* TASK: No pictures belong in the copy. Restate the rest of the data exactly.

* DATASET SECTION:
----
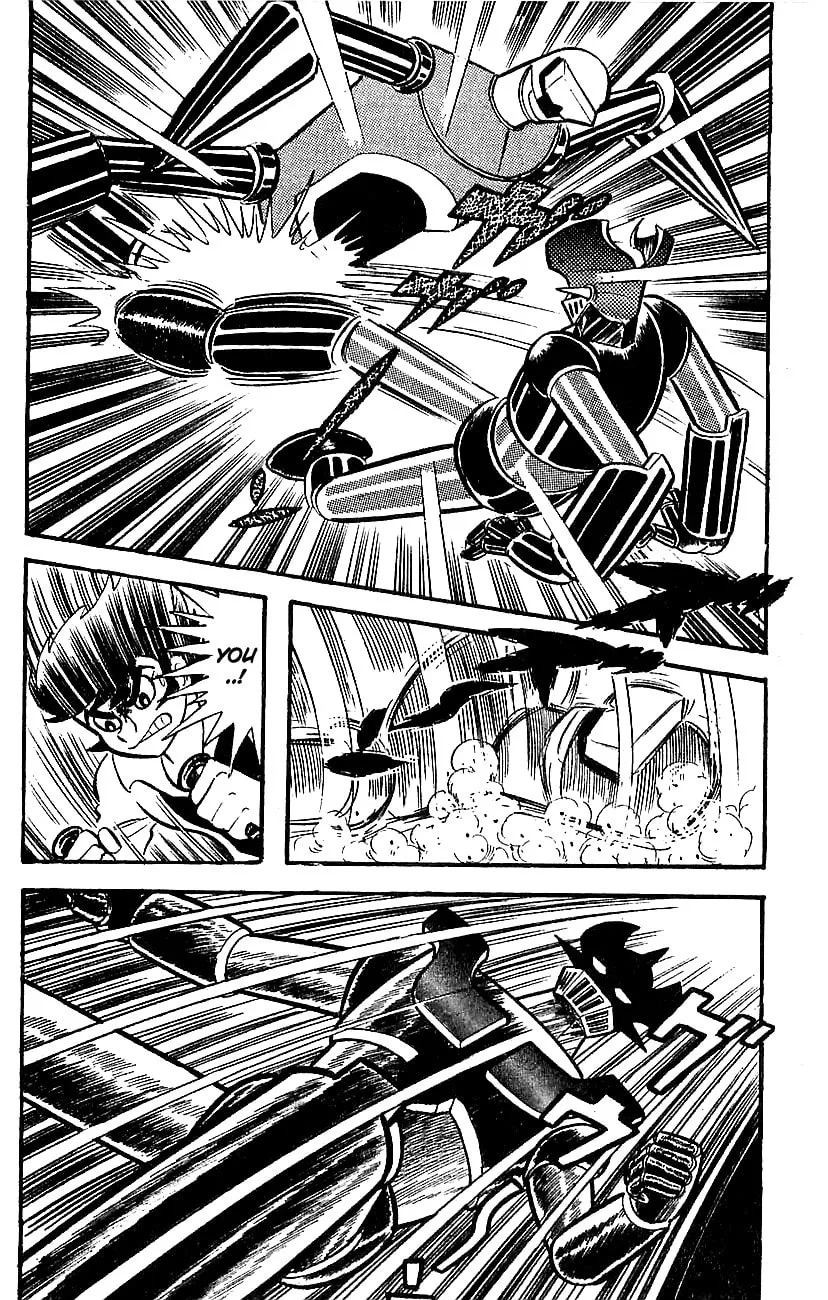 Mazinger Z Chapter 11 page 14 - 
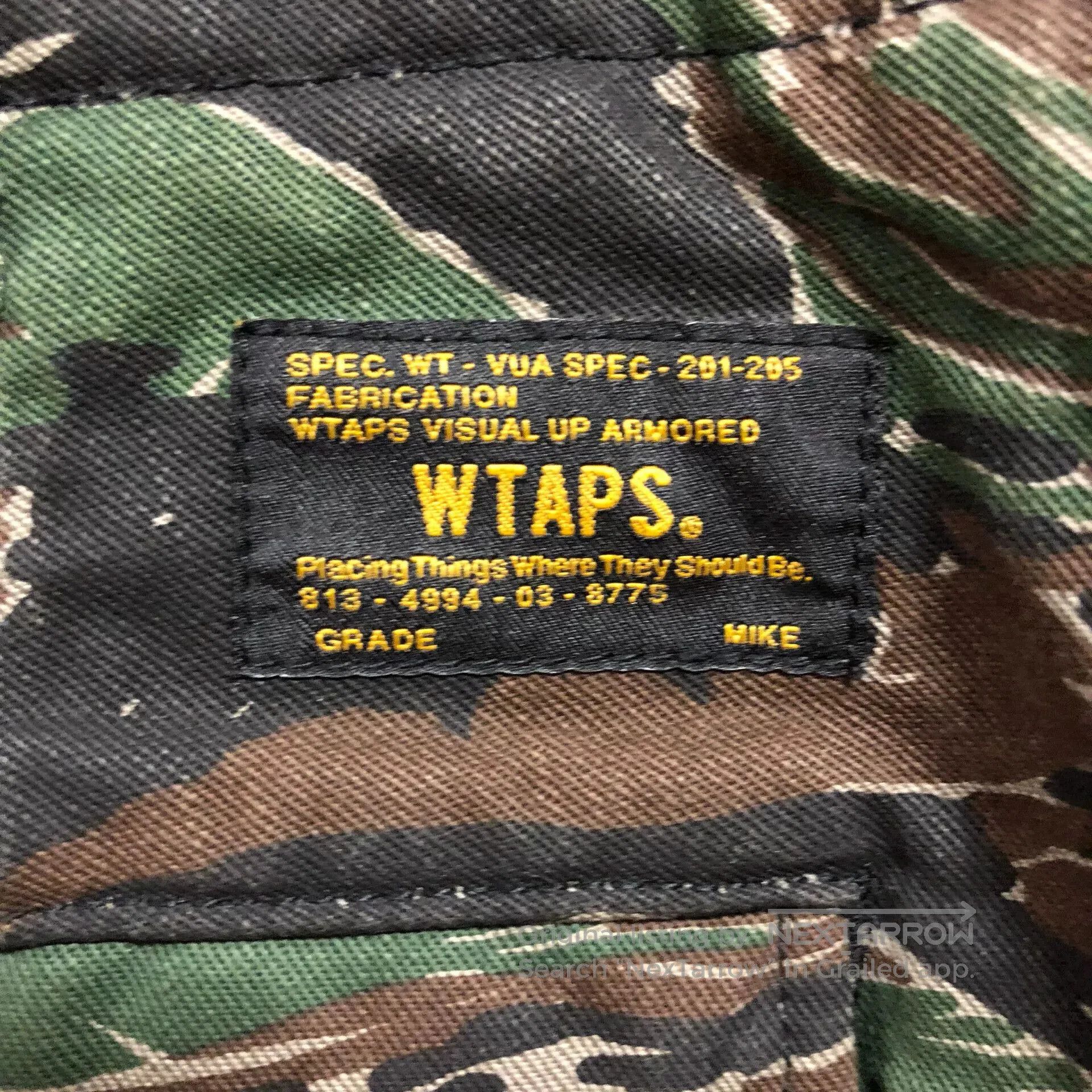 Wtaps Wtaps 17SS JUNGLE Tiger Stripe Shorts. Size US 32 / EU 48 - 5 Thumbnail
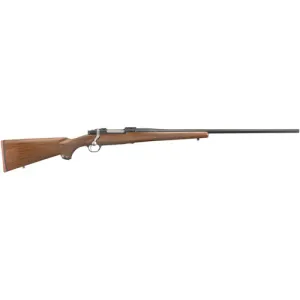RUGER M77 Hawkeye Standard 30-06 Springfield 22" 4rd Bolt Rifle - Black / American Walnut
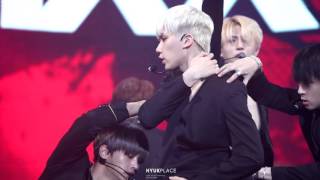 151125 MBN HERO CONCERT 사슬(Chained Up) 상혁(VIXX HYUK)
----
* RESULT:
 Mazinger Z Chapter 11 page 14 - 
 Wtaps Wtaps 17SS JUNGLE Tiger Stripe Shorts. Size US 32 / EU 48 - 5 Thumbnail
RUGER M77 Hawkeye Standard 30-06 Springfield 22" 4rd Bolt Rifle - Black / American Walnut
 151125 MBN HERO CONCERT 사슬(Chained Up) 상혁(VIXX HYUK)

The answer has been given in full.